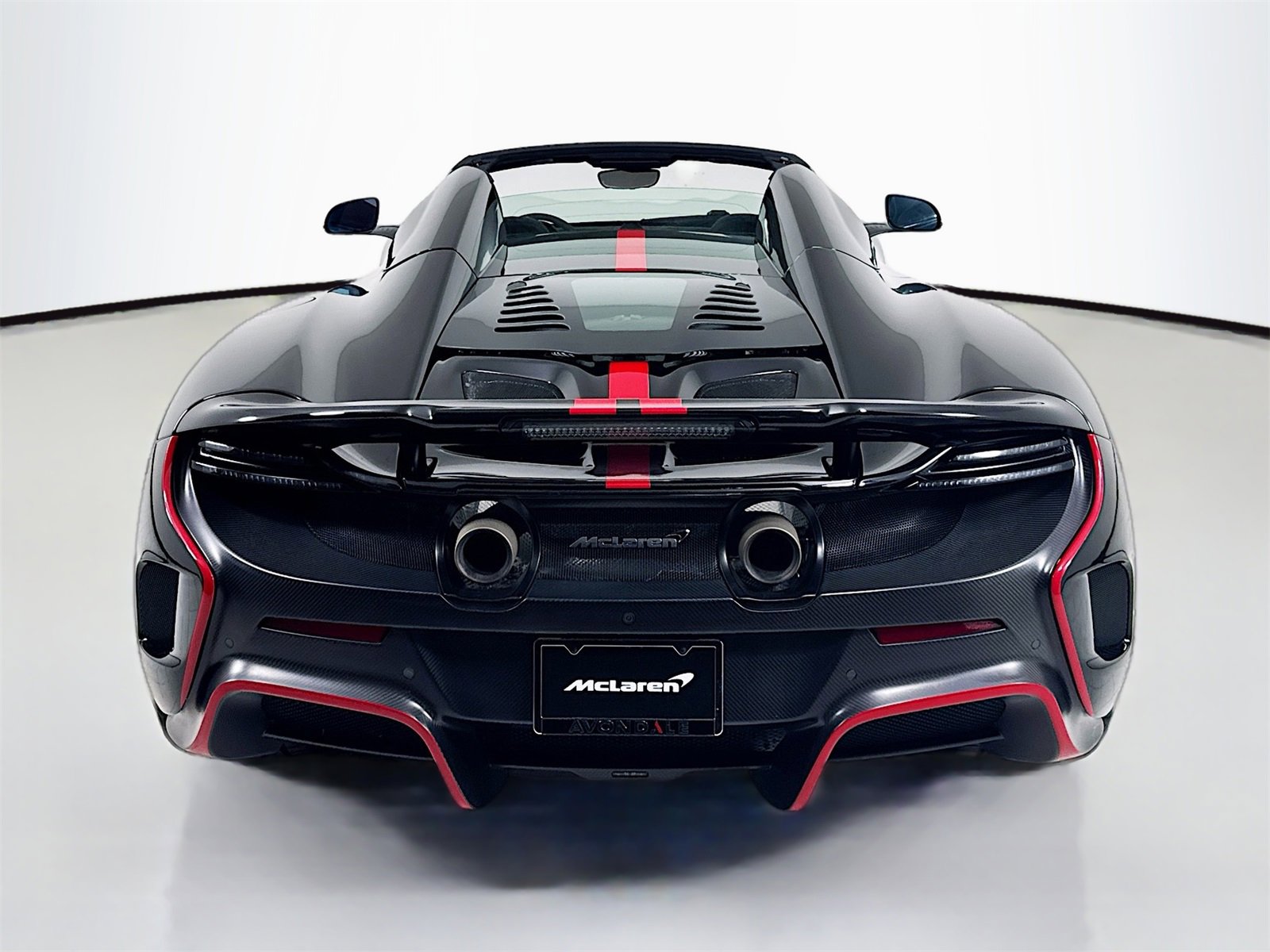 Used 2016 McLaren 675LT Spider image 6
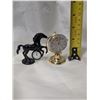 Image 2 : Miniature Horse Clock and Rotating Clock (not Working or needs new Battery)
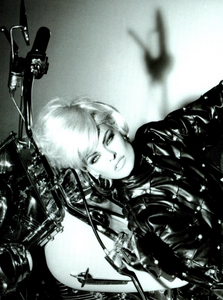 Chic_Raider_Demarchelier_Vogue_Italia_September_1991_05.thumb.png.54488a27f2ce933ed2a00decaa7890e0.png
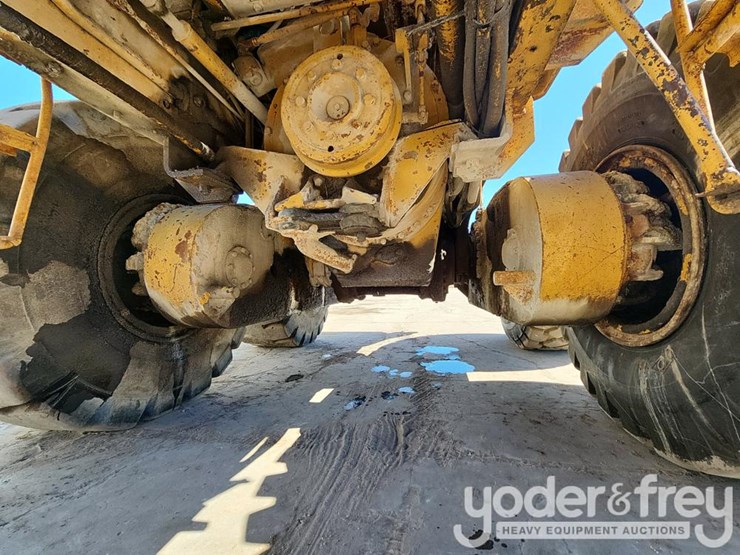 caterpillar-16g-image-48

• YOUR ASSIGNMENT: Everything in the data except the pictures must appear in your answer unchanged.

• RESPONSE AREA:
 Used 2016 McLaren 675LT Spider image 6
 Image 2 : Miniature Horse Clock and Rotating Clock (not Working or needs new Battery)
 Chic_Raider_Demarchelier_Vogue_Italia_September_1991_05.thumb.png.54488a27f2ce933ed2a00decaa7890e0.png
 caterpillar-16g-image-48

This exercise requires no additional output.